There have been protests after a surrender letter written by Easter Rising commander Padraig Pearse three days before his execution was placed for auction and is now set to leave Ireland after failing to sell.

As the lot number was called at auction in Dublin, Sinn Fein councillor Micheal Mac Donncha stood up to protest at the sale. “This is a disgrace,” he said. “This is one of the most important documents in Irish history and here we are today in the centenary of the 1916 Rising and it’s on open sale to the highest bidder”.

In the letter Pearse wrote: “In order to prevent further slaughter of the civil population and in the hope of saving the lives of our followers, the members of the provisional government present at headquarters have decided on an unconditional surrender, and commandants or officers commanding districts will order their commands to lay down arms.”

The letter is signed: “P.H. Pearse, Dublin, 30th April 1916.” If it had sold, it would have been the most expensive work of art or historical item ever sold at auction in Ireland.

Earlier, about 15 people took part in a protest outside the auction and there was a small Garda presence. There were 11 bids starting at over half a million euro before the document was withdrawn after less than three minutes.

Adam’s Auctioneers, who had described the letter as “the most significant Irish document to be offered for sale”, said the oversees owner of the letter was disappointed the Dublin government did not bid.

The letter, which was hand-delivered to Captain Garry Holohan by Capuchin priest Father Columbus Murphy just prior to the end of the 1916 Rising, has been in the hands of a private collector since 2005. Captain Holohan, who was in charge of the Four Courts command, ceased hostilities and surrendered after reading the document.

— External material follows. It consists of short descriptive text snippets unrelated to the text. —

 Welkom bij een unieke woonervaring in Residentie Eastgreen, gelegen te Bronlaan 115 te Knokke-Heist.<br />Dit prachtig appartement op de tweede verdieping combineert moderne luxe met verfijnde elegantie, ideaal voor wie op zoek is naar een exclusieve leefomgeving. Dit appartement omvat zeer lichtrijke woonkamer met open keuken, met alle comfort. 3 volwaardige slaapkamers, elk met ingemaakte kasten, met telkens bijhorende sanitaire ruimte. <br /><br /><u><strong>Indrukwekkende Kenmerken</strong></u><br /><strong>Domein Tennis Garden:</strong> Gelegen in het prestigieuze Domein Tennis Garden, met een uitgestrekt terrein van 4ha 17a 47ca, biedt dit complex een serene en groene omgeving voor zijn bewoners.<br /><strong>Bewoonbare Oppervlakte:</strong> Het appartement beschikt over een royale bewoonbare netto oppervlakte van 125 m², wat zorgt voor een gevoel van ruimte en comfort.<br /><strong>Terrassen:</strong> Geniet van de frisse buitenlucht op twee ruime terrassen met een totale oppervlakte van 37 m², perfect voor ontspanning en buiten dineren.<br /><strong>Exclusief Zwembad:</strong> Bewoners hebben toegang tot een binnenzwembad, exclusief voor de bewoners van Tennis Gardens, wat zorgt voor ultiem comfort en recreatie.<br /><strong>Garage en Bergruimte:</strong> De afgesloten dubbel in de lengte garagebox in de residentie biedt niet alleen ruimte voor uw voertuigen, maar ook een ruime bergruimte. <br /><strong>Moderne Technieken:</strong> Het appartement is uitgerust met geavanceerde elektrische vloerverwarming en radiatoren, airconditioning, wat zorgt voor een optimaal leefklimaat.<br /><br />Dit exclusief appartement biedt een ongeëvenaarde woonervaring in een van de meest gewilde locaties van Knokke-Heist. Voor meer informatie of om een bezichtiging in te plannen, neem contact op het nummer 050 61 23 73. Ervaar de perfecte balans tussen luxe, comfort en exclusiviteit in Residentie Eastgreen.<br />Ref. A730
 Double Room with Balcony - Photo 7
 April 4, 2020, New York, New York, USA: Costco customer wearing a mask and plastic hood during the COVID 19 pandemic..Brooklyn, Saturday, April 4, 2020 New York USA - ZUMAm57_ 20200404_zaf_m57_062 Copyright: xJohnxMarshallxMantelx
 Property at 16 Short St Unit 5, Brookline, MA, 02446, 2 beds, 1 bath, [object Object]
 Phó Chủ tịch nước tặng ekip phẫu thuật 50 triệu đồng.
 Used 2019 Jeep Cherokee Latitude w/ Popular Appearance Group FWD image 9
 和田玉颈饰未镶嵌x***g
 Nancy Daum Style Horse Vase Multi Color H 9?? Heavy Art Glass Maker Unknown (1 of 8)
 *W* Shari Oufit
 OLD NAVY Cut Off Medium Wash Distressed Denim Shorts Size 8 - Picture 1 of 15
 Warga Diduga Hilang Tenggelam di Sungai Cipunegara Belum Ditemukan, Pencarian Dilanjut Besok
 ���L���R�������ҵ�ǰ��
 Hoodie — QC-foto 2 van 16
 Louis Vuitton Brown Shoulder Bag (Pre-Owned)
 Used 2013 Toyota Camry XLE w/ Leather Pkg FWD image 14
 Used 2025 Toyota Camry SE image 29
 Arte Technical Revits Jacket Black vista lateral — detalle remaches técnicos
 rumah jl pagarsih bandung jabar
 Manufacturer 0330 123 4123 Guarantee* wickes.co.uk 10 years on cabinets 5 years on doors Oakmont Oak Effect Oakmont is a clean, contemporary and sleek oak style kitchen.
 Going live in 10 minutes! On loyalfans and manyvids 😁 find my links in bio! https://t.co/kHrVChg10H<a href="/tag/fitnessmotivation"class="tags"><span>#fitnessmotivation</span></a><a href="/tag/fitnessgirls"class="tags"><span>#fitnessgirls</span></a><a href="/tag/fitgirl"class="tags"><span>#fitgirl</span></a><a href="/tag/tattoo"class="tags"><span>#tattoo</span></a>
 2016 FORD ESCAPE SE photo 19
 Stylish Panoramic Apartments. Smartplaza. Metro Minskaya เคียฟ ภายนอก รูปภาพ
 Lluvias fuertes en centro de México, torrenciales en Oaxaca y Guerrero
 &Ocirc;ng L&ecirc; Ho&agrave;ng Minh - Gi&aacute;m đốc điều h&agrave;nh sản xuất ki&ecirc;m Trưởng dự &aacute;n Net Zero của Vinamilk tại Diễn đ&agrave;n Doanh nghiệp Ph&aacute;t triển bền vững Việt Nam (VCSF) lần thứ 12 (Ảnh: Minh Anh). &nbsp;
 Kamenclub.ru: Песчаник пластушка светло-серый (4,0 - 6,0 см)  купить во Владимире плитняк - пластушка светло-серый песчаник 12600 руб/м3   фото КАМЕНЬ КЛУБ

Fr Adrian Curran, who is the provincial minister for the Cupuchin Order in Ireland, wrote that the document was once in the possession of Fr Murphy. It was in the Order’s archives but later removed “by persons unknown”.

“The Capuchin Order regrets to state that this document was later alienated by persons unknown from the archives of the order without the authorisation of its superiors and put up for sale,” Fr Curran wrote.

According to Adam’s, the Pearse letter passed from Br Columbus OFM to Br Conrad OFM who “gifted it to the father” of one vendor in the 1960s. It was then inherited in the 1980s and thereafter it was sold by auction in 2005, only after efforts to sell it to the State failed, the auctioneer claimed. It has been reported that the asking price at that time was far less, at 50,000 euro.

Commenting on the letter, Diarmaid Ferriter, professor of modern Irish history at University College Dublin said in his opinion it belonged to the Capuchins and should be withdrawn from auction.

“When a Capuchin joins the order they commit that any material generated as a result of their work is the property of the Capuchins. This letter clearly falls in to that category,” he said.

“It was, we are told, ‘inherited in the 1980s’ and then sold. Inherited by whom? And why was it sold? And what of the appropriateness and morality of that, not to mention what it says about patriotism? We are entitled to answers to those questions.”

Prof Ferriter said there was a need for “much more probing” of the way in which documents of this importance became privatised and sold for investment and profit.

On Tuesday, addressing similar concerns raised by Sinn Fein leader Gerry Adams, 26 County Taoiseach Enda Kenny confirmed his government had no intention of purchasing the document.